Monday, 26 January 2015


HUMAN WRECKAGE

 

Doctor, My Colon

 

Oh God. There’s blood on the seat and around the rim of the bowl. There’s not enough hand and ass alcohol-based sanitizer in the world. I exit the toilet. Ann looks up at me from a row of attached chairs. Are you okay? I grimace. Ick, I need a shower. It’s Saturday night. We’re waiting on a friend in Edmonton’s downtown Royal Alexandria hospital. We’re in Emergency.

 

I sit back down beside Ann and try to ignore the round face of the big white clock keeping bedlam time. Minutes crawl over broken glass through administrated chaos. Stretcher cases line a dingy hallway. Paramedics are required to stay with their patients until a doctor is assigned the case. This could take hours. Like the harried nurses in scrubs, the EMTs are unfailingly polite and attentive even whilst ensnared in red tape, hanging around toeing the peeling lino and sipping dishwater coffee.

 

I’m reminded once again of society’s good fortune; there are many among us who don’t have jobs so much as callings. Ann says it might be a good idea if the Minister of Health sat incognito in this room for a few hours, if only to observe the outnumbered, overwhelmed and under-funded public servants in action. Good God, she’s right, as she usually is.

 

We sit. There’s no way I’m even going to touch one of the rifled and crumpled newspapers lying around. People queued in ER aren’t at their best. My stomach churns a soup of revulsion and pity. Christ, I may really need to use the toilet. This is a scary prospect, but less fearsome than a fate worse than death: meeting my maker in a place like this.

 

A uniformed peace officer outfitted with a heavy utility belt paces his circuit giving everybody a suspicious evil eye. He peers into the bathrooms. A filthy, hirsute homeless man is gently escorted to a seat near us. Is it rude to move away? A rubber gloved EMT affixes a white band around his wrist. The man begins to scratch at the unscabbed parts of his flesh. He then uses the toilet. A young woman wearing a cough mask talks to the ceiling about the electrical properties of egg yolks. She goes to the toilet twice. A young couple dressed in very stylish black, their faces bloodied, alternate clean up trips to the john. Four wasted street people come in.

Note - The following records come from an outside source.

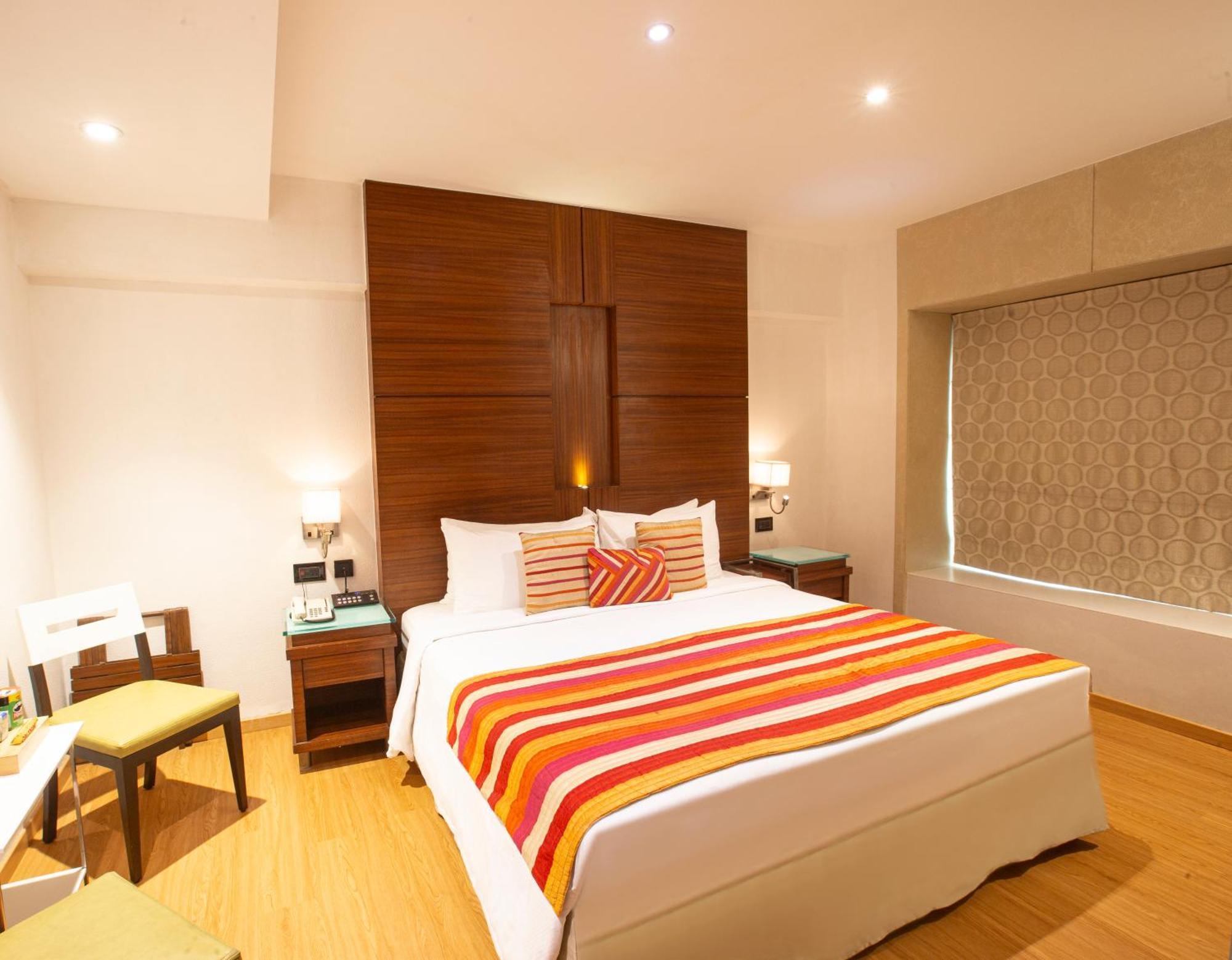 Hotel Bawa Continental Mumbai  Buitenkant foto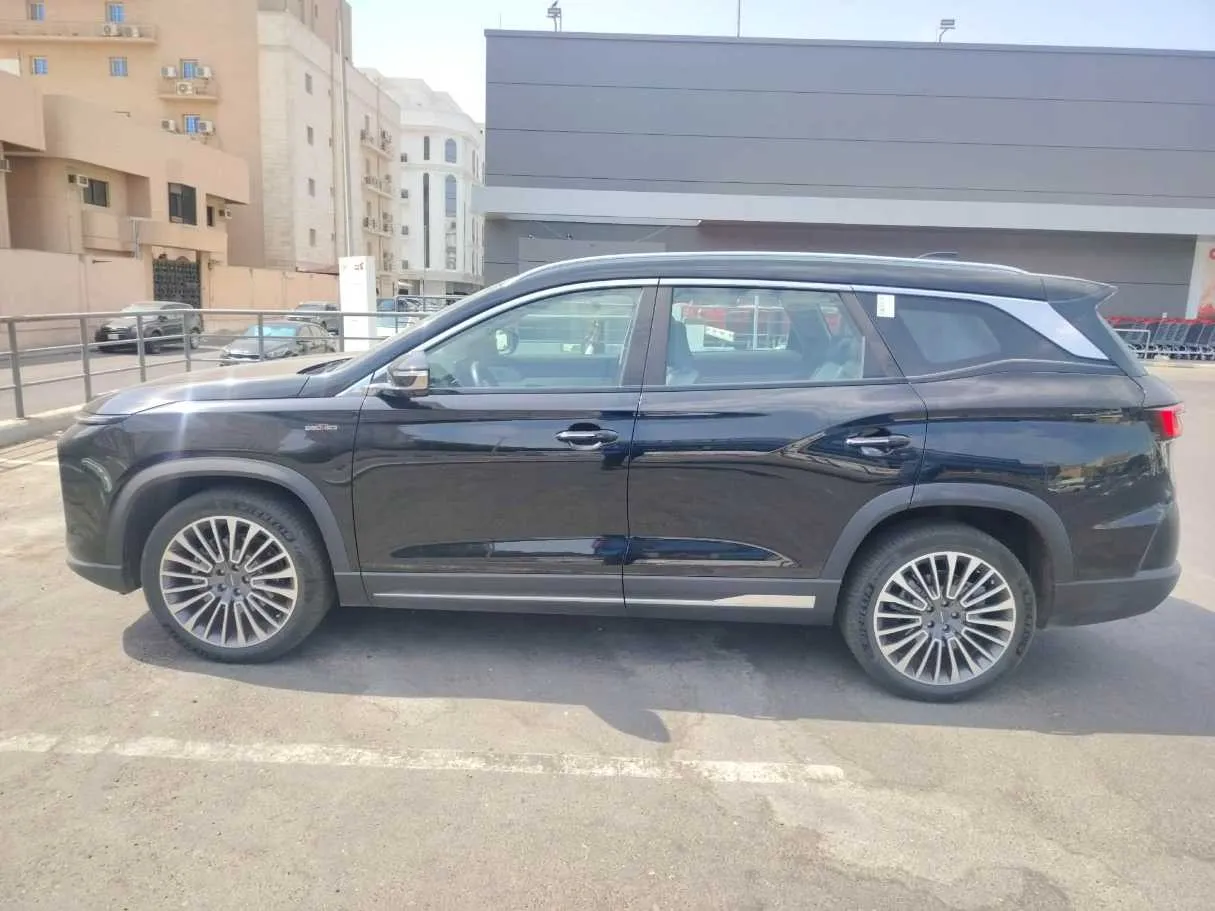 Car image 8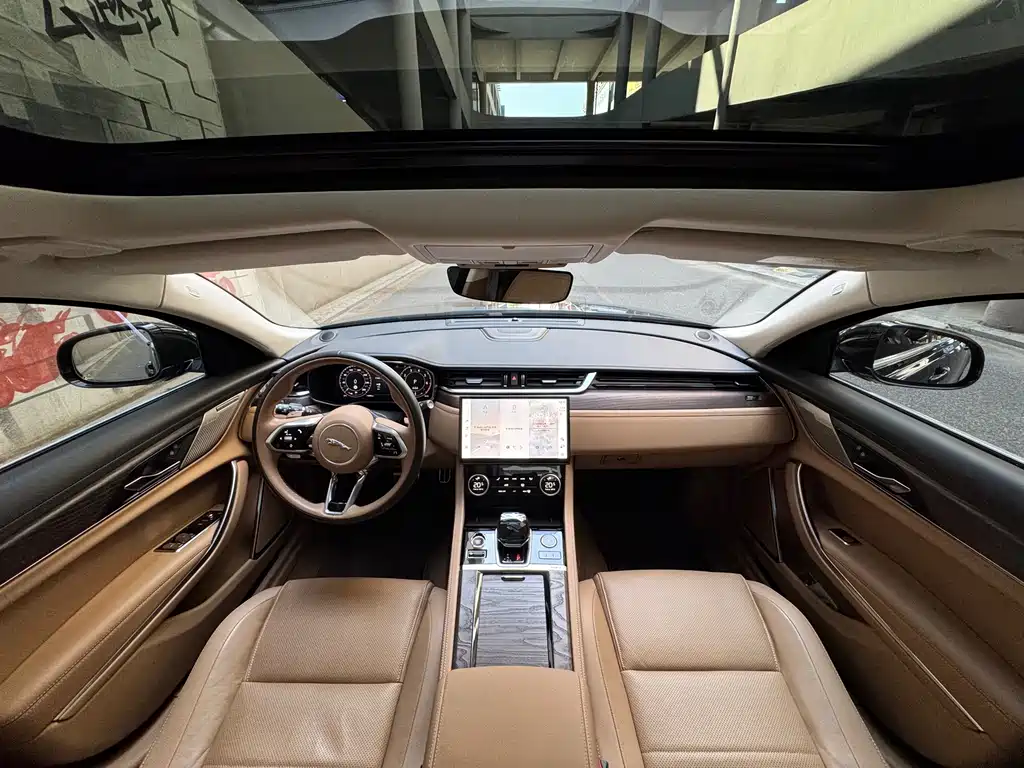 Jaguar XFL — миниатюра 5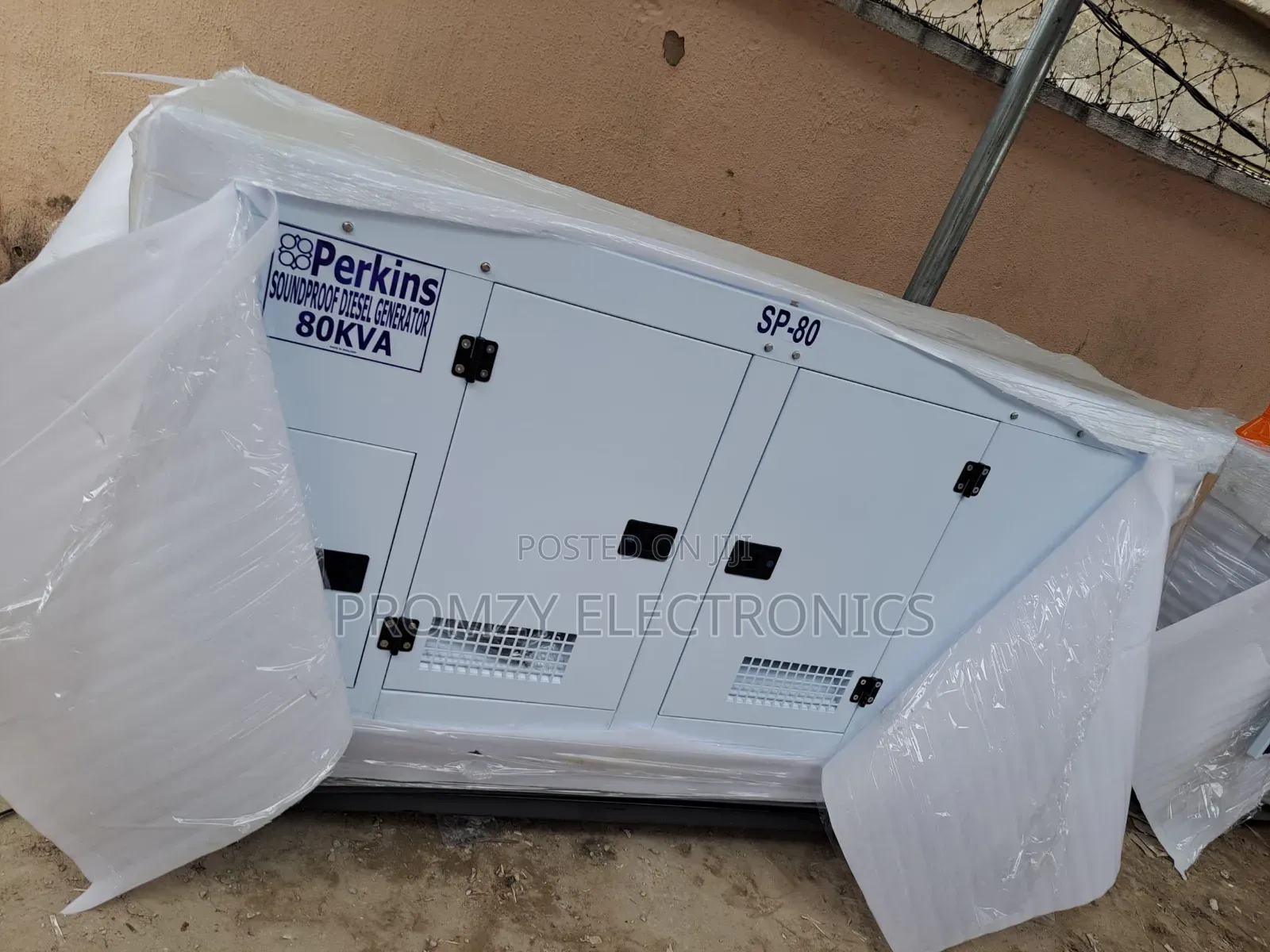 80kva Perkins Diesel Soundproof Generator 2years Warranty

They occupy the four available bathrooms. They regroup and abandon one of their own who has since crashed out on a chair. Jesus. A pregnant redhead clutches her belly and looks anxious. Solidarity, sister!

 
The medieval system eventually spits our friend out unscathed. This is good, because hunched over with cramps I’m not exactly up to a great escape caper. We drive our friend home which means we’re a long, long way from ours. From the backseat he worries about his dog’s needs, the critter’s been inadvertently left alone for nearly nine hours. I can relate. Ann can’t drive fast enough.